Judicial Enforcers? Exploring Lower Federal Court Compliance in Regulating the Obscene

Ryan, John Francis 05 1900 (has links)
Although federal circuit and district court judges are placed within a federal hierarchy, and receive legal and judicial training that emphasizes the importance of the judicial framework and its structure, such judges are also subjected to other pressures such as the types of litigants within the courtrooms as well as their local political environment. Furthermore, such judges are apt to form their own views about politics and legal policy and are often appointed by presidents who approve of their ideological leanings. Thus, federal courts are caught between competing goals such as their willingness to maximize their preferred legal policy, and their place within the judicial hierarchy. This dissertation applies hierarchy and impact theory to assess the importance of the judicial framework and its socialization, by analyzing both the judicial opinions and votes of federal circuit and district court judges in obscenity cases during a four-decade period (1957-1998). The research presented here finds the influence of higher court precedent to correspond in part with the conception of a judicial hierarchy. An analysis of citations of Supreme Court precedent (Roth v. United States (1957) and Miller v.
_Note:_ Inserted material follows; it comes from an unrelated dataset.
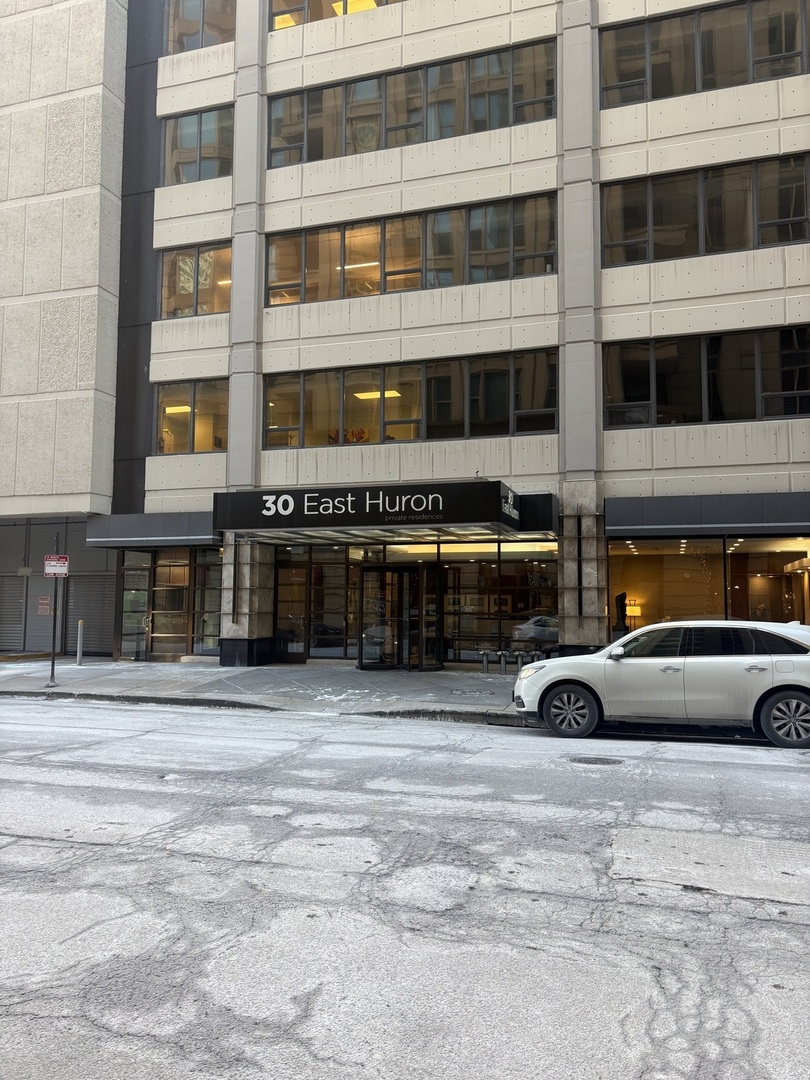 30 E Huron Street #3601, Chicago, IL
California (1973)) in lower court majority opinions suggests low levels of compliance: lower courts at the circuit and district court level do not signal to the Supreme Court their acceptance of High Court doctrine; thus, except for 'factual' cases, most circuit and district court decisions do not comply formally with higher court precedent. An analysis of judicial votes, however, suggests that a Supreme Court doctrinal shift (to Miller v. California) influences lower court decisions only at the circuit court level. Further investigation suggests that Supreme Court precedent has a greater influence in circuit courts than in district courts: not only is the magnitude greater for circuit (versus district) court decisions, such results occur when controlling for such factors as the appointing president, regional variations, various constitutional claims and types of litigants. Thus, it appears that the influence of Supreme Court doctrine is much stronger in the circuit courts (only one step removed from the Supreme Court) than in district courts yet the hierarchy is influential nonetheless.